Energy traders, analysts and mom-and-pop farmers may find themselves swimming in detail on the big bets and hedges in the commodity markets, when the U.S. futures market regulator overhauls its widely-watched report on trader positions.

To help level the playing field between funds, commercial players and and smaller participants, the Commodity Futures Trading Commission will break down positions by producers, merchants, swap dealers and hedge funds in its Commitments of Traders report, released every Friday afternoon.

The agency has pledged to issue the expanded report by the end of the month, which gives it until Monday.

Some questions, at least initially: What will the revamped report reveal? How well will it shed light on positions held on overseas exchanges? How easy will it be to compare the new categories with the old report?

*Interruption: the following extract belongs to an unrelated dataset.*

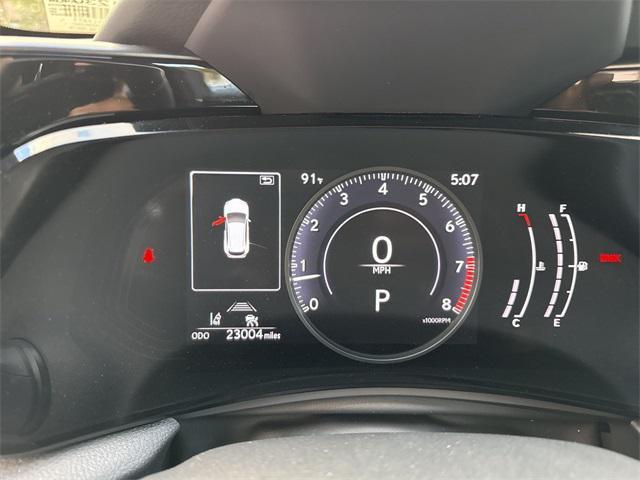 used 2024 Lexus NX 250 car, priced at $37,898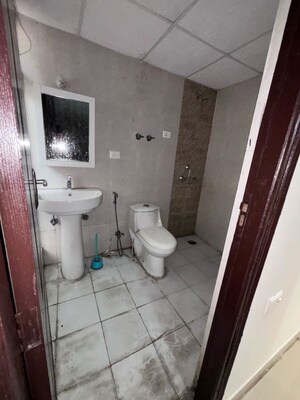 Bathroom in 3 BHK Apartment at Supertech Eco Village II, Sector 16b Greater Noida – for Rent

“CFTC is just trying to give us more tools, better tools to help assess a market. But I can’t imagine they make a significant enough change that it makes a big difference,” said Don Roose, analyst with U.S. Commodities.

The Commitments of Traders report is a crucial supply/demand indicator for futures markets. Analysts and traders use it to calculate the size of the net noncommercial, or speculative, position in a market.

If funds have bet heavily on the long side, on price gains, it can indicate the strength of a trend and a risk of prices being too high. Funds also may be oversold on the short side.

CFTC has said it will not provide new analysis of the data or whether it validates a 2008 CFTC study showing fundamentals, not speculators, were mainly behind runaway oil prices.

The CFTC aims to enhance transparency in the commodity markets, enforce position limits, and limit speculation that caused disruptions to farmers, merchants and other traditional hedgers last year. Crude oil hit $147 a barrel in 2008 and many commodity prices set record highs. This sparked panic about fuel costs, and food riots hit some countries.

The enhanced report dovetails with proposals by the Obama Administration to regulate the vast and opaque over-the-counter business in credit default swaps, energy and other markets, and reduce systemic risk by moving trade through exchange clearinghouses using standardized OTC contracts.

“I support the more granular reporting of market positions. I think it could add marginally improved information to the marketplace,” said Scott Irwin, professor of agricultural marketing at the University of Illinois

Irwin said most large commodities investors already have good intelligence on the main players and their positions.

“But there’s a whole raft of other market participants like interior country elevator hedgers, farmer hedgers, small speculators, etc, where this kind of information might well be helpful in their assessment of the market,” he said.

Currently, the weekly CFTC report provides a breakdown of the open interest in a futures contract in which 20 or more traders hold positions that equal or exceed the reporting levels set by the CFTC.

The CFTC previously classified big positions into commercial and noncommercial only and shunted smaller players off into a nonreportable category.

The CFTC has tinkered with the reports over the past year and a half. Last month it included trader positions on ICE Futures contracts on Europe’s West Texas Intermediate crude oil. In 2007, it broke out index trader positions in selected agriculture futures.

Tim Evans, energy analyst at Citi Futures Perspectives,
said a few large players might feel more self-conscious regarding their positions. Still the exchanges and the CFTC have been able to monitor individual positions all along, even if they did not break them down in detail.

“These changes also only run parallel to reporting that has been available in selected agricultural markets over the past two years, with no particular harm to those markets,” Evans wrote to Reuters in an email.

Last week CFTC Chairman Gary Gensler told Reuters that a detailed report should also be released this month on index traders and said the agency would like to release historical data with the new trader categories.